Here's the last of four recaps from Breaking Into the Box: Kick-Starting Your Career in Television, an all-day seminar sponsored last weekend by the Writers Guild Foundation.
Very important disclaimer: these aren't verbatim quotes but rather paraphrases from hastily-scribbled notes. If you want the real deal, the Foundation taped the event and will soon offer the seminar on DVD. Check their website in the future for details.
My thoughts about the seminar will follow tomorrow.

PANEL: THE WRITERS ROOM
Panelists: Jeff Greenstein (Desperate Housewives, Will and Grace), Jan Oxenberg (Cold Case, Once and Again), Jay Kogen (The Class, Malcolm in the Middle), Alexa Junge (The West Wing, Friends, Sex in the City), moderator Robin Schiff (Romy & Michele's High School Reunion)
SCHIFF: My family was my first writers room. Sitting at the table with everyone talking, nobody listening, but the best story always captured everyone's attention. When I trained with the Groundlings, that was also a good comedy room. Writing can be lonely. The room has camaraderie, people to bounce ideas off of ... but you can also feel trapped like on Lost, where you can't stand some people and wish the Others would drag them off.
GREENSTEIN: My writers rooms have been run very democratically. The first two weeks of most shows we usually plan for the rest of the year: climactic moments, plot points, map-making. Story generation as planet formation. You start to see markers where you wanna go.
JUNGE: I was one of three women in the Friends room, but it was pretty evolved because most of the college boys had been forced to taken womens' studies courses. We had one gay guy and one feminist running the show so it was a pretty safe room. You have to be game. They can smell fear. One boss said, "I can't hear you, be louder, more confident, don't make me work that hard to hear you." He said it lovingly but it hit me really hard. Women are creative in different ways collaboratively. When women offer suggestions, it's often like table-setting: they build and men complete (and usually take all the damn credit). I learned to keep my mouth shut until I was clear what I wanted to say. Sometimes if it was a joke I would even write it down first.

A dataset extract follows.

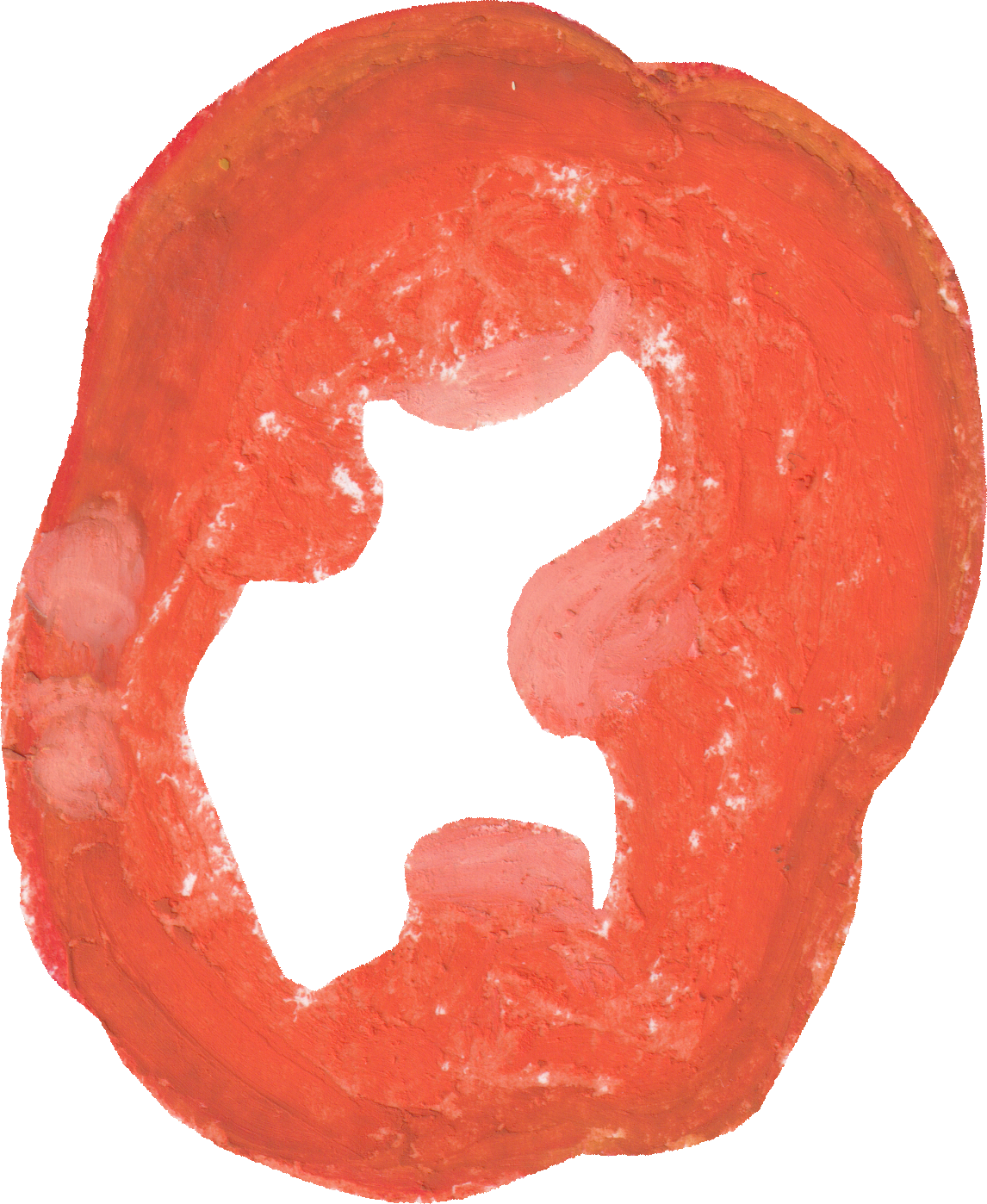 パプリカオレンジのイラスト｜商用可フリー画像・背景透過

KOGEN: For me, the writers room erects a typical sitcom structure like this: story first, then scenes, then jokes. And whoever tells you the jokes gets you home earlier. Rewriting happens all week long during sitcom rehearsals, even on the floor during taping.
GREENSTEIN: On Will and Grace, we had a writer, Laura Kightlinger, on the floor every week [at tapings], deconstructing scenes and churning out new jokes on the spot. Almost all of the jokes on that show are hers.
OXENBERG: Marshall Herskovitz and Ed Zwick had no "room" per se -- writers were treated like feature writers. You worked on your own from an outline. That's what I was familiar with. Later, on more procedural shows, every single story beat was blocked out. I learned this from Frank Spotnitz on Robbery Homicide Division: each beat goes onto a card and it has to be perfect handwriting, so you'd take your time and think about each beat. If you messed up, you had to write it over. That's how they did X-Files. (She then pulls out a series of toys that were totems from various writing rooms).
GREENSTEIN: All this stupid crazy stuff is necessary to write a show!

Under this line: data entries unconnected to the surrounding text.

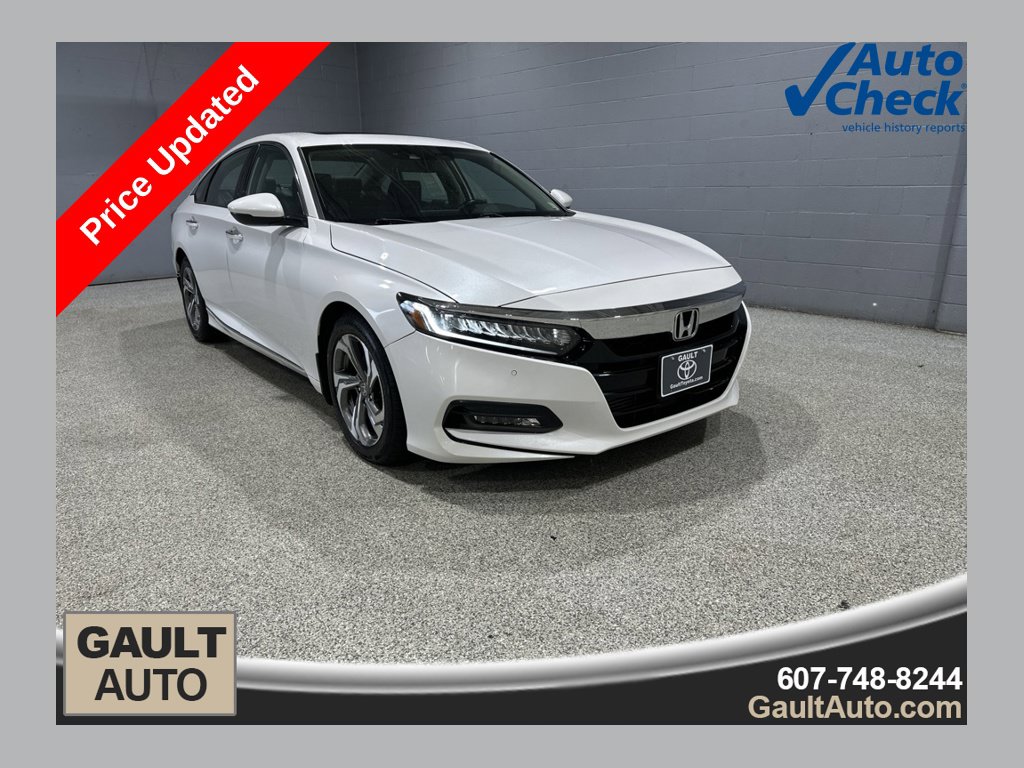 Used 2018 Honda Accord Touring Sedan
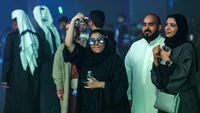 Saat Festival Musik Membius Anak-anak Muda Arab Saudi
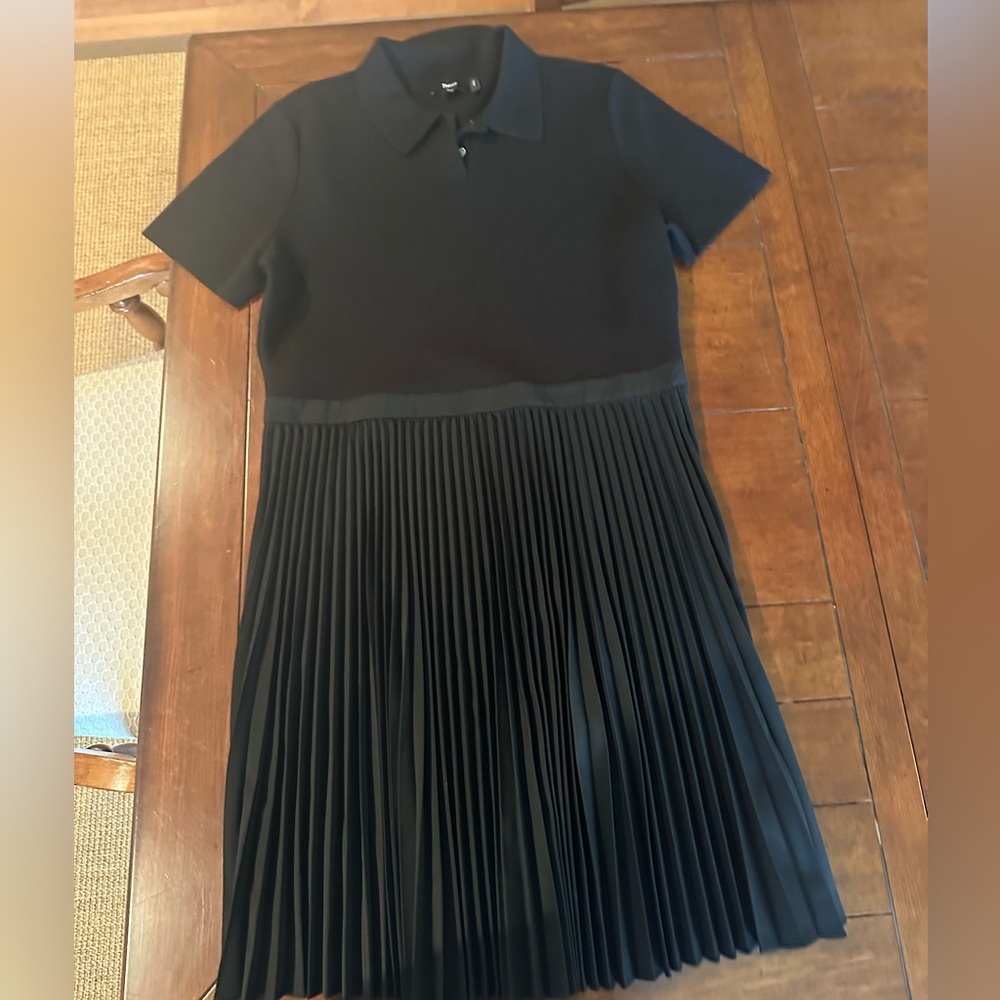 NWOT Theory polo dress - Picture 7 of 7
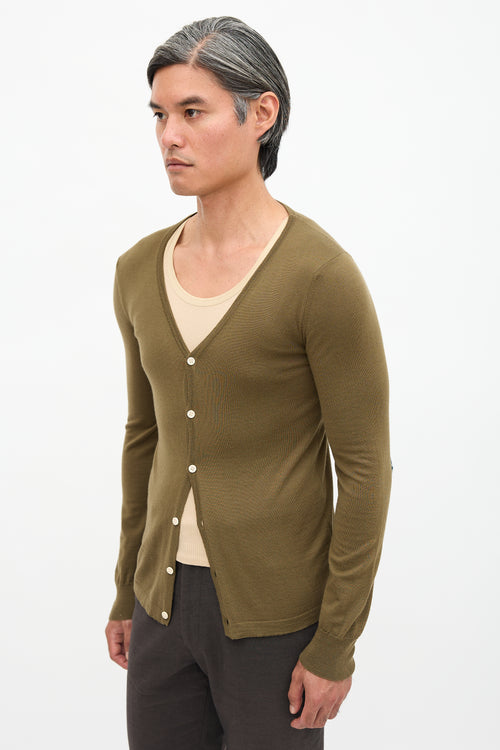 Visvim Elbow Patch Cardigan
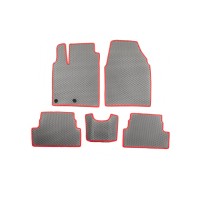 Килимки (EVA, сірі) для Nissan Qashqai 2010-2014рр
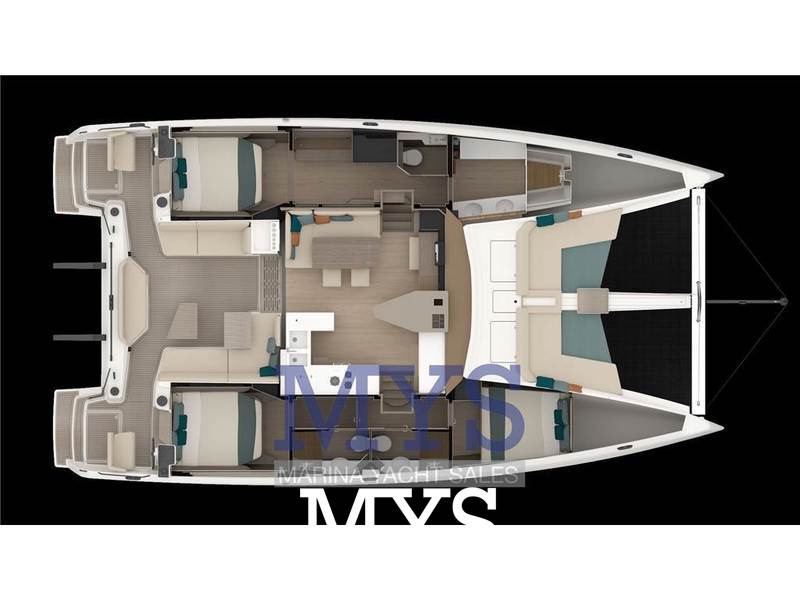 Nautitech 48 OPEN Foto 7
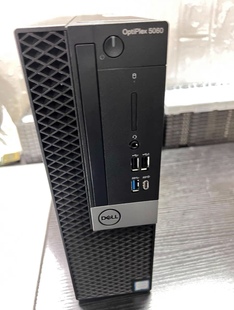 主机 SFF 外观成色新 5060 DELL戴尔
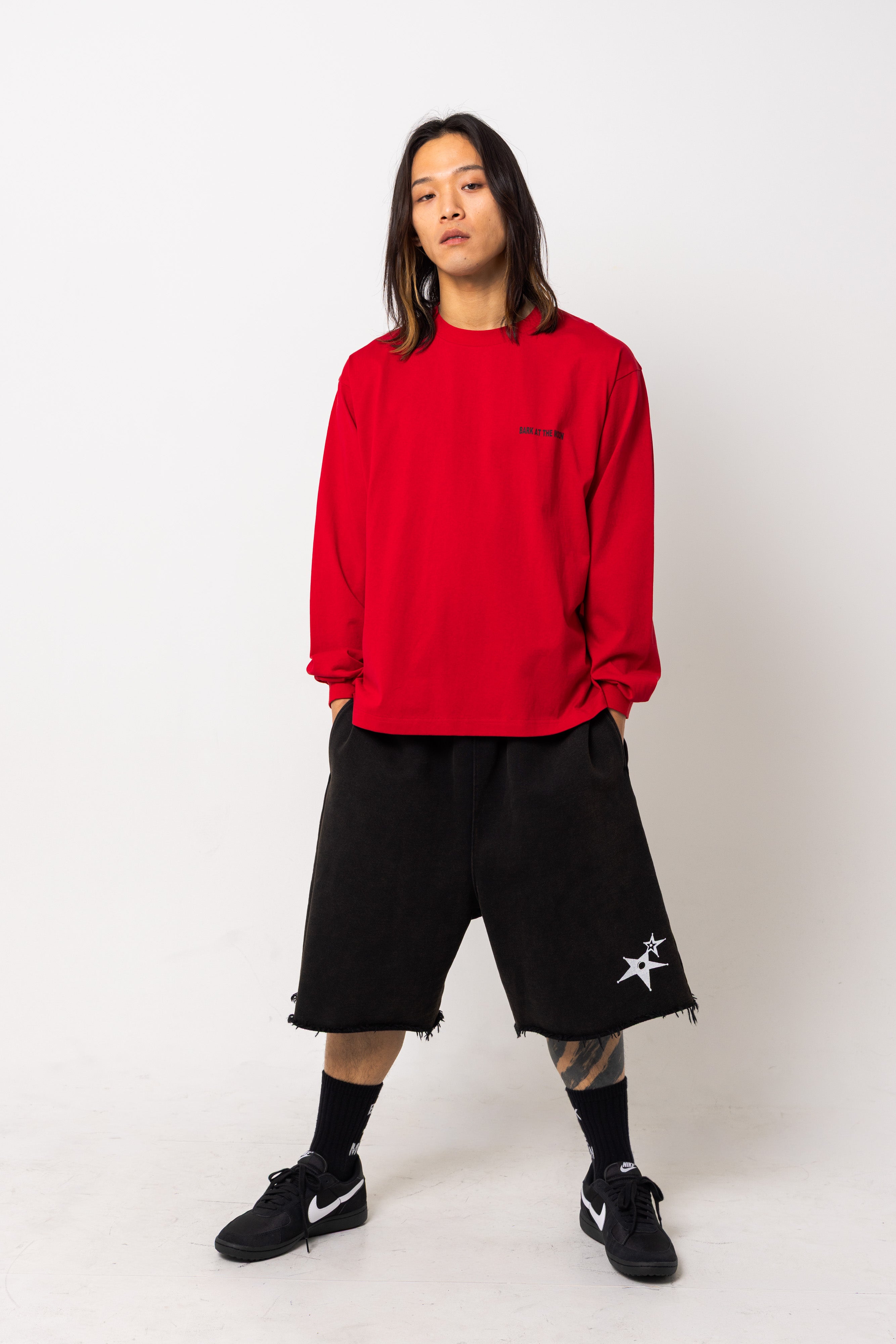 scorpion logo long sleeve tee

OXENBERG: The Cold Case table has no toys but rather lots of food. The balance is to have a room where you can be wild and tell stories and let your mind go. And one person who knows when to take charge and move things forward. You don't, for example, let people pitch a story more than once.
GREENSTEIN: A showrunner can't be the funniest or smartest person in the room. For me, the rule of the comedy room is the whiteboard. I use a certain color for sluglines, another for action, and I leave blanks where we need to fill in scenes. Then I let the smarter, funnier people fill them in. You have to step away from being the shoot-from-the-hip person.
OXENBERG: It's a skill to point out problems in other ideas but it's better if you can also suggest alternatives. If you have a critique, people also want to hear a suggestion.
JUNGE: People want to hear your truth. I've been in rooms where my sense of "good" differs from that of the showrunner. And when they still wanna hear what you have to say, that's wonderful.
GREENSTEIN: You want people who can keep you honest. People who value you and hold you to a high level.
SCHIFF: A writers room is a living, breathing organism.
KOGEN: You have to know how to pick your battles, when to fight, when to fold. Jokes can come and go but story beats are much more important.
SCHIFF: Even when you're self-conscious, you're probably OK. Even if you're not saying anything, test your ideas against those that come out in the room.
GREENSTEIN: It's easy to tear down. Be a builder. Jump in and hand someone a brick they can use.
KOGEN: You may land on a show you don't like and that's hard. You have to buy into what they're doing and be positive.
GREENSTEIN: For baby writers, it's hard to know when to hang back and when to jump in. You have to find your way. Very tricky.

SCHIFF: I'd rather work with someone who doesn't take my suggestions than someone who doesn't know what their show is. But let's talk about the difference between breaking comedy and drama.
GREENSTEIN: On Housewives it's not that different because it's staffed by lots of half-hour comedy writers.
JUNGE: Once and Again was very different and terrifying for me. People were lying on the floor spouting ideas. On West Wing I found John Wells' room similar to most dramas.
GREENSTEIN: I'm looking for point-of-view when interviewing new writers. People who know the show. When interviewing new writers for Will and Grace, I stumped many of them by asking: where do you think Will and Grace will be in five years? Some gave glassy stares, others just jumped in and went for it. People who said things like, "Well, I had a Will in my life and one time he did this ..." Those people have me leaning forward, wanting more.
SCHIFF: On new shows, it's good to say, "I was wondering where you're gonna go with this aspect of your pilot." Bring specific questions and stories to the meeting.
GREENSTEIN: Right now I'm burnt out on reading existing specs. I can't get through the 39th spec of The Office sitting on my desk. I like original pilots and even feature screenplay specs. I want to read something you're passionate about. I read plays and short stories. I hired someone off a That Girl spec, which certainly got my attention. The simple fact is, aside from Earl, Office and 30 Rock, there just aren't that many comedies to spec these days.